Growing artificial cells that change color like an octopus

A team of scientists at the University of Pennsylvania has developed an artificial version of a cell type that allows octopuses and squid to change colors and patterns according to their surroundings, thereby hiding in a blink of an eye. news.

They believe this could lead to new camouflage applications in the areas of robotics, architecture, cryptography and optics. The new study was published in the journal Nature Materials.

Each artificial chromatophore acts like a pixel on the screen to match the surrounding textures and colors.

Chromatophores are special cells in squids and octopuses that can expand or contract their internal reflex plates in response to external stimuli, allowing mollusks to This species blends into its surroundings, while transmitting signs of anger or readiness to mate.

In the new study, the team of scientists used thin, flexible films made from a polymer network of liquid crystals, to create artificial pigment cells that can instantly change color from near-infrared to visible ant and ultraviolet on request. These membranes are covered with tiny holes arranged in a network, each of which can be pumped to a certain pressure. When the hole is inflated, the film is stretched, decreasing in thickness and changing color.

Previously, color-changing materials using a similar mechanism needed to deform 75% to go from red to blue. However, the new film only requires pressure equivalent to a light touch to change to any color in the visible light spectrum.

Older materials that incorporate this mechanism cannot be used for things with fixed dimensions, such as screens or windows. Meanwhile, the new artificial pigment cells need only to deform less than 20%, the team believes that it can be lined up like pixels in an LCD screen.

"When we looked at how some animals evolved structural color, we realized they have stretchy cells that behave like pixels on a screen, and we were able to take a similar approach," said the author. Lead author of the study, Shu Yang, said.

The new technology is based on the phenomenon that makes butterfly wings and peacock feathers more iridescent than pigments or dyes give. This structural color phenomenon occurs when light interacts with microscopic elements on the surface and was reproduced in the study by the team of scientists using liquid crystals.

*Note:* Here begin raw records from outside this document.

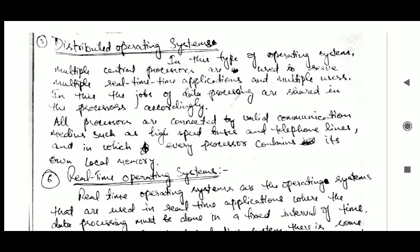Next is the distributed operating system. In this type, multiple central processors are used to serve multiple real-time applications and multiple users. The jobs of data processing are shared among processors accordingly. All processors are connected by a valid communication medium such as high-speed buses and telephone lines, and each processor contains its own local memory.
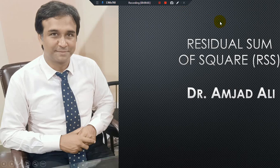Welcome dear audience, students and scholars. Here I am Dr. Amjad Ali. In this video we will learn about residual sum of squares, or error sum of squares.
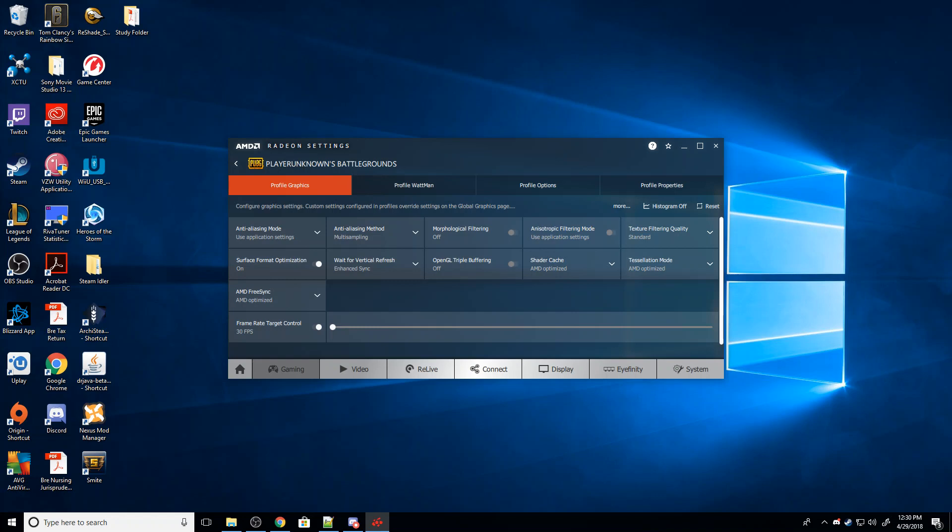So guys, hopefully this helps you out a little bit here, helps you fix some of that screen tearing. There are a couple more options, mainly buying a FreeSync monitor, which I don't know if I'd recommend that just because they are kind of pricey.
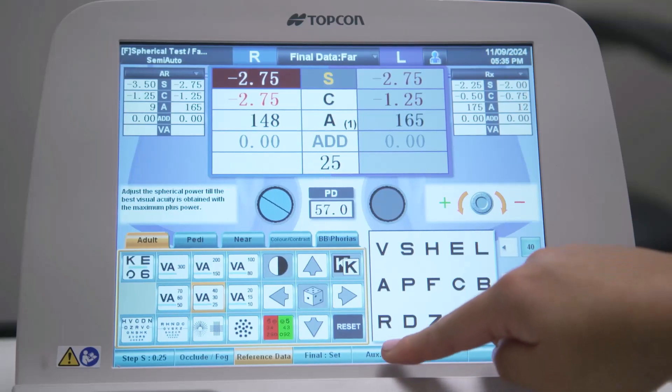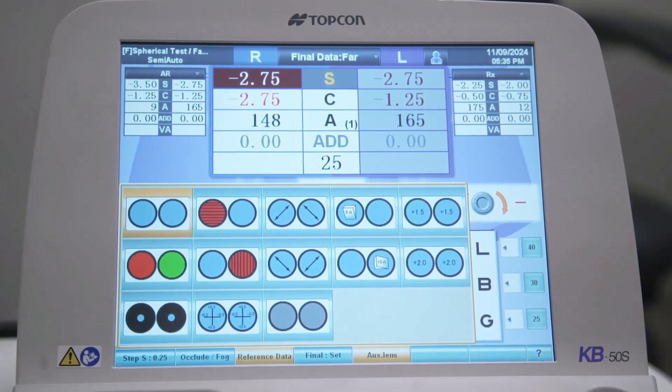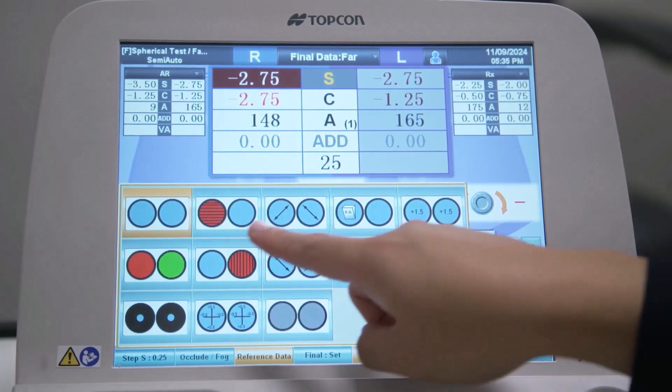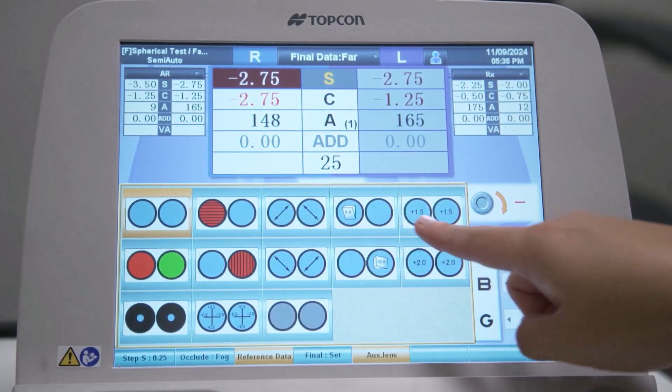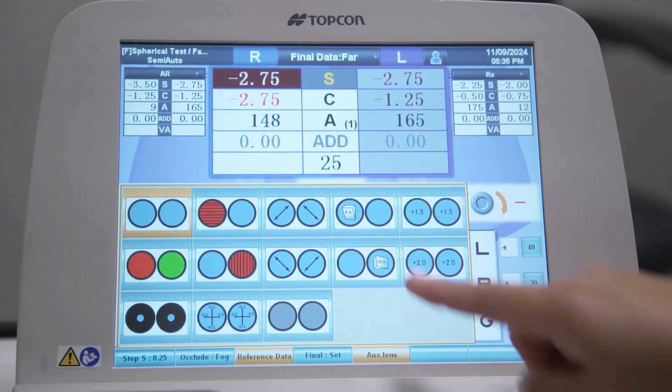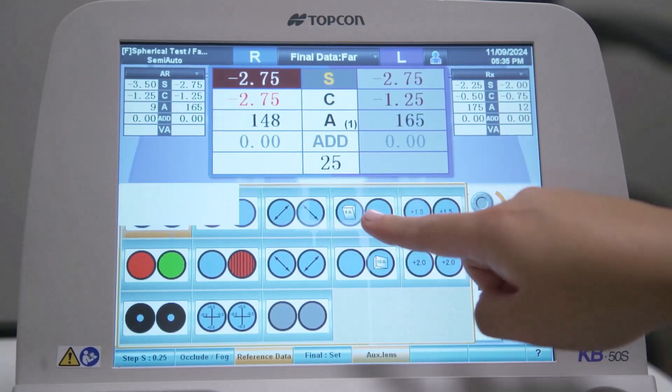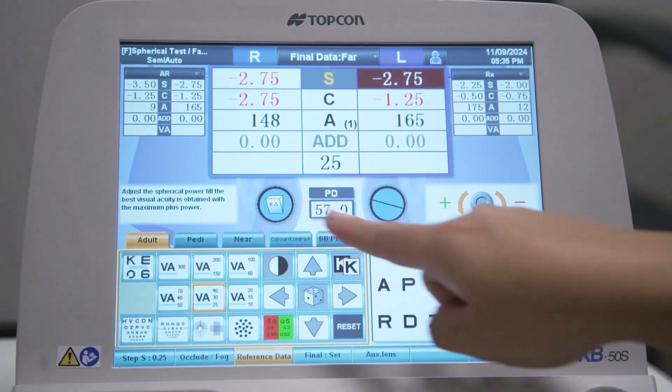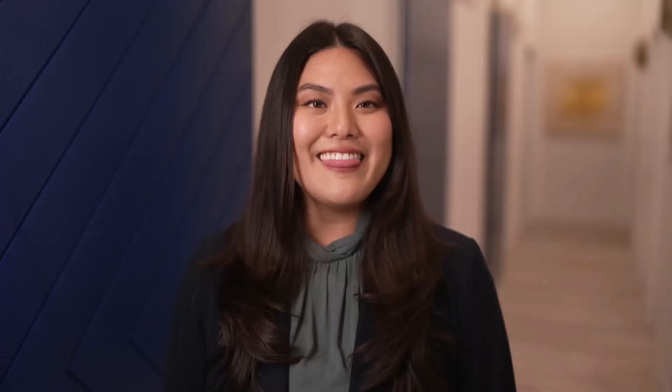The fifth button allows different auxiliary lenses to be selected and loaded into the foreopter head for use in different tests. The auxiliary lens information is updated here. And that's a general overview of the KB50S touch screen. For more information on using your CV5000 digital foreopter system, please visit Topcon Healthcare University.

When a pore in the screen is inflated, the membrane expands. This reduces the density of liquid crystals in the film and changes the wavelength of light that is reflected to the viewer. By recording exactly the pressure needed to make each artificial pigment cell turn into the desired color, experts can program them to look like pixels on a screen.

"I wanted to create red, green and blue in the same time, so I connected holes of different widths into the same air channel. This means that, despite the same pressure, the distortion and the colors of the pixels will be different, which reduces the complexity of the overall device," explains co-author Kim Se-Um. In the study, the prototype was able to create a checkered pattern that matched the color and texture of the surrounding surface.